One specific goal is to create an anomaly detector with minimal supervision. As much as possible, it will learn from experience. This is kind of tricky as it requires detection of unknown length sequences depending on the circumstances. I am intrigued by the ideas behind the Universal Translator but not sure how much could carry over to this application. This paper reviews some of the techniques usually applied, at least for video processing. The situation here is a little different as there are quite different types of features involved. My plan is to preprocess video and audio to recognize salient features (using object detection or whatever) and then input these features, along with environmental sensor data, in the form of uniform time-slotted data sets to the anomaly detector. This doesn’t help with detecting the length of an interesting sequence – that’s the fun part of the project.

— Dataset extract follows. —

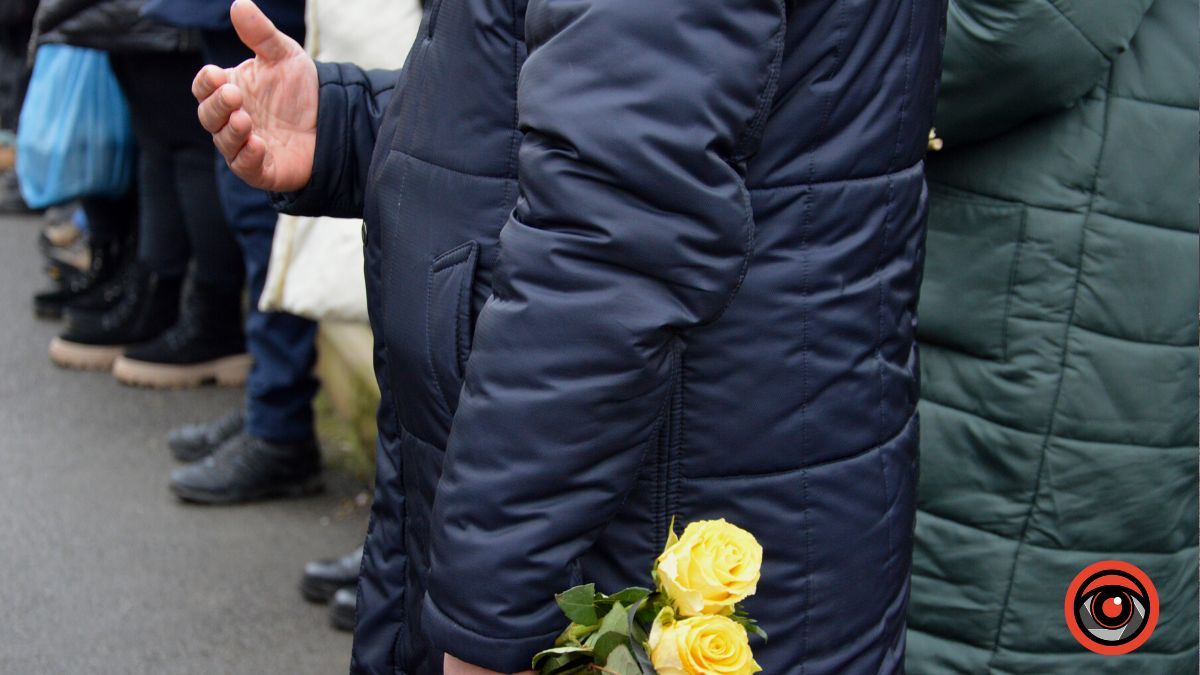 Коломия гідно попрощалася з Героєм Володимиром Стражником 13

One application for rt-ai is ubiquitous sensing leading to sentient spaces – spaces that can interact with people moving through and provide useful functionality, whether learned or programmed. A step on the road to that is the ZeroSensor, four prototypes of which are shown in the photo. Each ZeroSensor consists of a Raspberry Pi Zero W, a Pi camera module v2, an Adafruit BME 680 breakout and an Adafruit TSL2561 breakout. The combination gives a video stream and a sensor stream with light, temperature, pressure, humidity and air quality values. The video stream can be used to derive motion sensing and identification while the other sensors provide a general idea of conditions in the space. Notably missing is audio. Microphone support would be useful for general sensing and I might add that in real devices. A 3D printable case design is underway in order to allow wide-scale deployment.

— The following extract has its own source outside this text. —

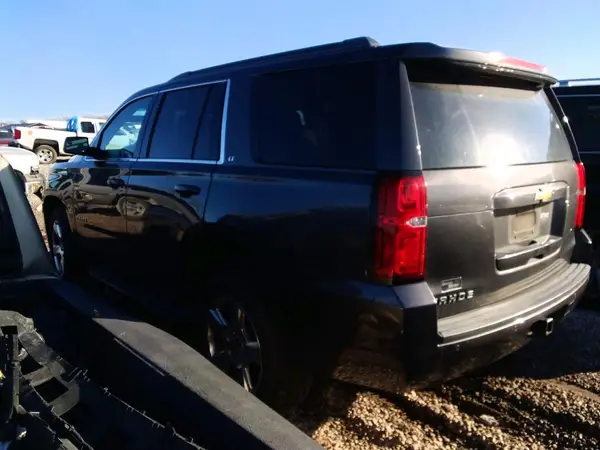 1GNSCBKC8GR460068 2016 CHEVROLET TAHOE - Image 2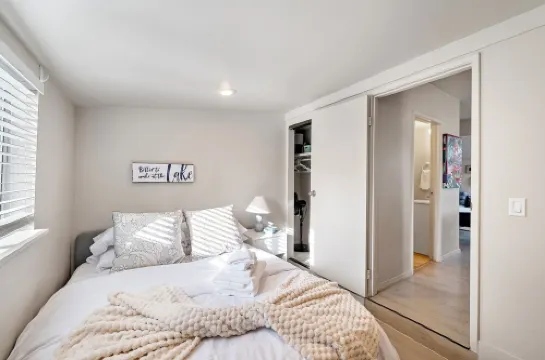 Karmen’s Lake Cottage C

Voice-based interaction is a powerful way for users to interact with sentient spaces. However, it is assumed that people who want to interact are using an AR headset of some sort which itself provides the audio I/O capabilities. Gesture input would be possible via the ZeroSensor’s camera. For privacy reasons video would not be viewed directly or stored but just used as a source of activity data and interaction.

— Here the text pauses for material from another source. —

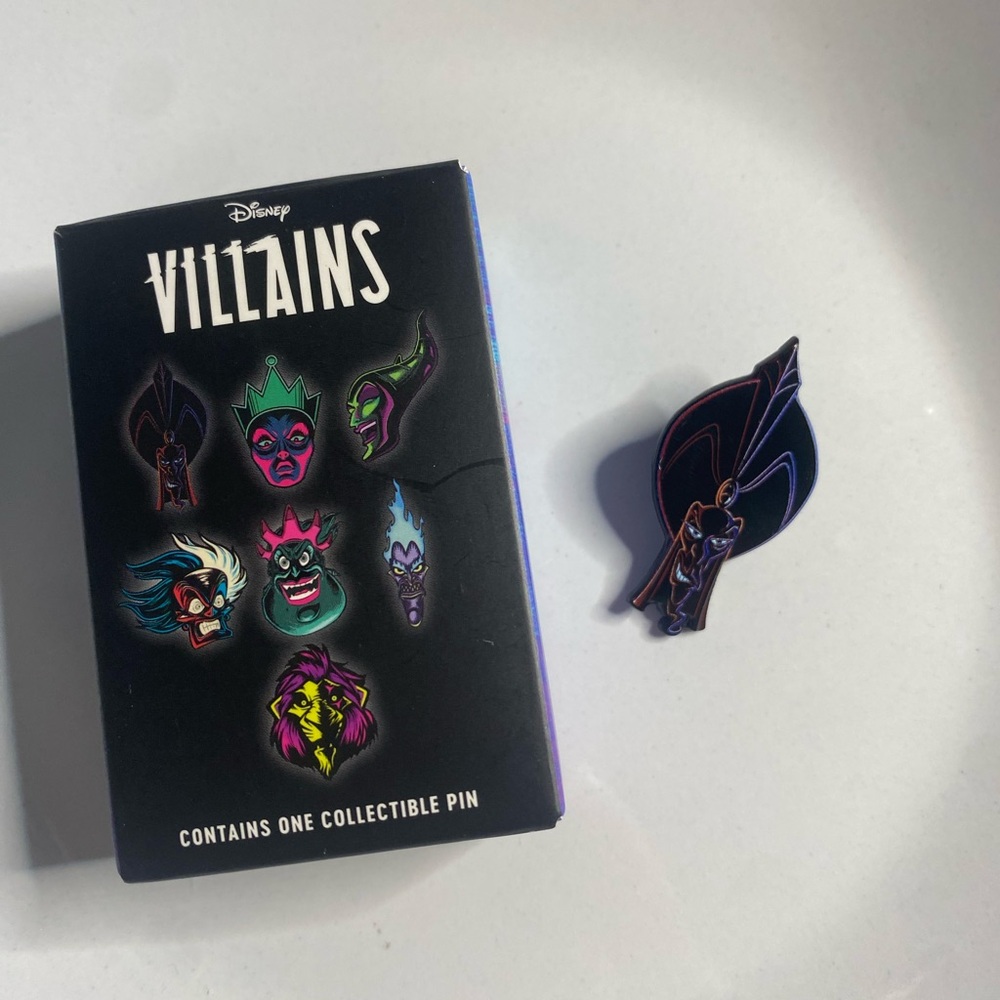 🖤 Disney Villains Dark Portraits Mystery Pin – Jafar (Aladdin) + Box 🐍✨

This is the simple rt-ai design used to test the ZeroSensors. The ZeroSynth modules are rt-ai Edge synth modules that contain SPEs that interface with the ZeroSensor’s hardware and generate a video stream and a sensor data stream. An instance of a video viewer and sensor viewer are connected to each ZeroSynth module.
This is the result of running the ZeroSensor test design, showing a video and sensor window for each ZeroSensor. The cameras are staring at the ceiling because the four sensors were on a table. When the correct case is available, they will be deployed in the corners of rooms in the space.